Perempuan Taat di Balik Pemimpin Hebat

Oleh: Mawar Haroki


Kau untukku dan Aku untukmu. Itu Kodrat Kita

Berpasang-pasangan, itulah yang menjadi kesan pertama ketika pembicaraan mengarah pada dua insan berbeda. Ya, berbeda. Namun, perbedaan yang sesungguhnya tidak benar-benar berbeda. Antara laki-laki dan perempuan. Antara pria dan wanita. Kaum adam dan kaum hawa. Setiap makhluk di dunia Allah ciptakan dengan keseimbangan sedemikian rupa. Bahkan sampai memicingkan mata untuk mencari-cari sesuatu yang tidak memenuhi hukum keseimbangan ini pun, kita tidak akan menemukannya. Karena memang seperti itulah adanya dalam surat cinta-Nya pada kita[1]. Itu kodrat kita. Hal ini pun termasuk dengan adanya perempuan untuk laki-laki. Begitu pula sebaliknya, adanya laki-laki untuk perempuan. Sekalipun kau dapati dua wujud ini dengan segala perbedaannya, namun sejatinya kita ada dalam keseimbangan-Nya.

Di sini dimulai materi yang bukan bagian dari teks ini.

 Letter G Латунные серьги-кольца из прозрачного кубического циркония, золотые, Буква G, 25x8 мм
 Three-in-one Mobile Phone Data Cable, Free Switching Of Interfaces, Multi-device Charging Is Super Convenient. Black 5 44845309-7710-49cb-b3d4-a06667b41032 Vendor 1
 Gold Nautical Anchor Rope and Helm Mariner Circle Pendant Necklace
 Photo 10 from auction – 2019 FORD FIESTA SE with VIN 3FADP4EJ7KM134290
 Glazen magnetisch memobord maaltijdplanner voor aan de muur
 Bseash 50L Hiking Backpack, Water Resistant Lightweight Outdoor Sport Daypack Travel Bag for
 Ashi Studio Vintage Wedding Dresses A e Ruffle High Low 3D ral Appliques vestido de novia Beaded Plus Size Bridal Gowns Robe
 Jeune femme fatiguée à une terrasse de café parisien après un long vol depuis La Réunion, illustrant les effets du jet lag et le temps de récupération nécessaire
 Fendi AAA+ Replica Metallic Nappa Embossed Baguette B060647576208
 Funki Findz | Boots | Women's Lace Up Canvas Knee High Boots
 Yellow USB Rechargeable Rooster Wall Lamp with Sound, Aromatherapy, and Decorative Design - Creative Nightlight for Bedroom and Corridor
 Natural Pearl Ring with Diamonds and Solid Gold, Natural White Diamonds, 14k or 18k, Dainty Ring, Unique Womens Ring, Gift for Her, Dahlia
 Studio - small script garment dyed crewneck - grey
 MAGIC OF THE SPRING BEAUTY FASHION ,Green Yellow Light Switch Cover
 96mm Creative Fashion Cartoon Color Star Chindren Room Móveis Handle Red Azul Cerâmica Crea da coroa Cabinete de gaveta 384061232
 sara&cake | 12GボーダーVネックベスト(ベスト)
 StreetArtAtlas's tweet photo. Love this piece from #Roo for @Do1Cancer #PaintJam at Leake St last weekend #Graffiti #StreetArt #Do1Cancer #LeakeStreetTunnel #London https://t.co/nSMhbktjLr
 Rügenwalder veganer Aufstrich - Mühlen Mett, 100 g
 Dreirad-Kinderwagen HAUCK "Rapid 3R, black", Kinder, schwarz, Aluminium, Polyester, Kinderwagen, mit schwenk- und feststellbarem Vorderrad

Jika Sama, Itu Sehati. Jika Berbeda, Itu Saling Melengkapi

Adanya dua insan berbeda dalam satu dunia merupakan salah satu kehendak Allah ingin menunjukkan kesempurnaannya. Sebagai dua makhluk yang diciptakan berbeda dalam bentuk fisik, manusia akan memiliki kecenderungan antara satu jenis kepada jenis yang lainnya. Lihat saja di sekitar kita. Sejauh mata memandang adalah fitrah yang wajar bila kenyamanan didapati dalam bentuk kebersamaan dengan pasangan kita. Laki-laki dengan perempuan, atau sebaliknya. Lumrah bukan? Namun, apakah sejatinya kecenderungan itu karena perbedaan fisik semata? Kebanyakan pendapat menyatakan bahwa unsur logika lebih dominan pada diri seorang laki-laki, sebaliknya bagi perempuan. Perempuan dinilai bahwa perasaan lah yang mendominasi dalam dirinya. Apa pun pendapat orang tentang hal tersebut, sejatinya hal tersebut hanya akan menunjukkan satu lagi kesempurnaan-Nya. Berbeda itu tanda saling melengkapi. Sebab, laki-laki dan perempuan dengan masing-masing keunikannya, sejatinya adalah satu jiwa. Satu jiwa untuk saling melengkapi satu sama lain. Sehingga bila ada kesamaan pada keduanya, itu tanda sehati dan berbeda itu saling melengkapi. Bersatunya keduanya bukanlah karena lamanya waktu mereka telah bersama. Namun, semuanya adalah karena buah kecocokan jiwa, begitulah kata penyair Kahlil Gibran[2].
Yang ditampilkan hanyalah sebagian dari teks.